## Data shown
########################################

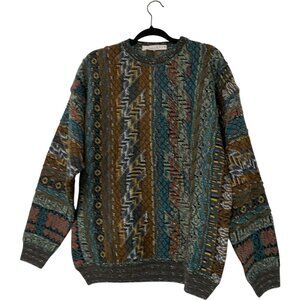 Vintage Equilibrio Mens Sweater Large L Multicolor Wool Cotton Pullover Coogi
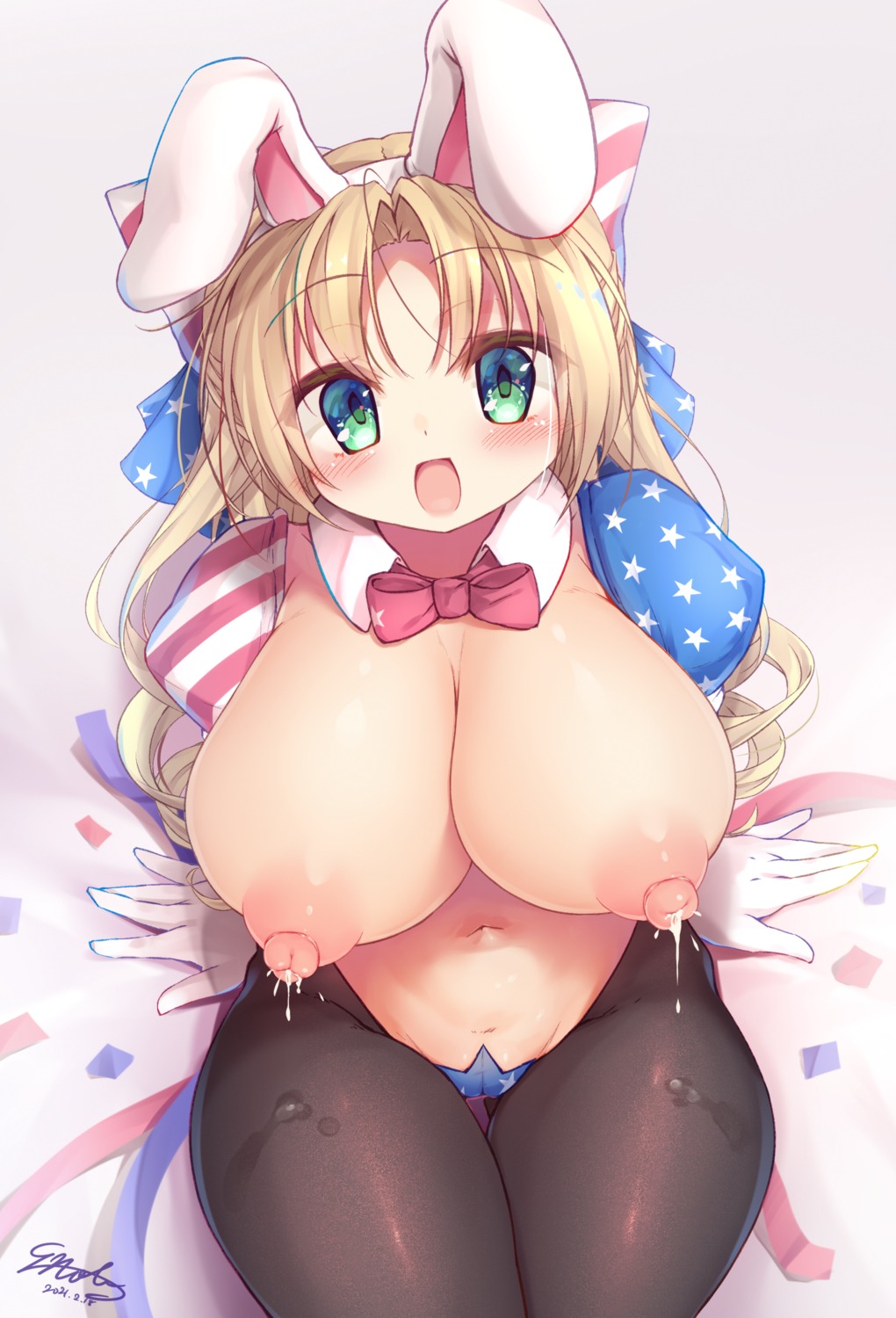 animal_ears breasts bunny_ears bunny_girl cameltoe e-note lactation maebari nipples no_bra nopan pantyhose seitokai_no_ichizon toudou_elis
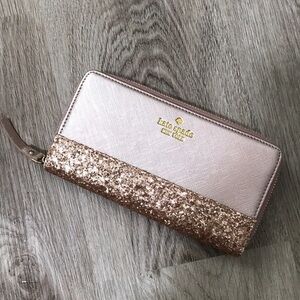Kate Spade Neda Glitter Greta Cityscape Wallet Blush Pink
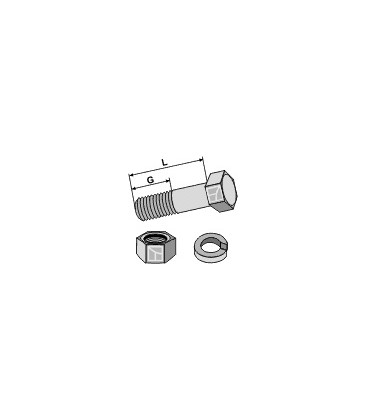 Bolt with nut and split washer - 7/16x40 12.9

########################################

## Exercise brief
Each line above should be set down exactly as written, with pictures excluded.

## Task response
 Vintage Equilibrio Mens Sweater Large L Multicolor Wool Cotton Pullover Coogi
 animal_ears breasts bunny_ears bunny_girl cameltoe e-note lactation maebari nipples no_bra nopan pantyhose seitokai_no_ichizon toudou_elis
Kate Spade Neda Glitter Greta Cityscape Wallet Blush Pink
 Bolt with nut and split washer - 7/16x40 12.9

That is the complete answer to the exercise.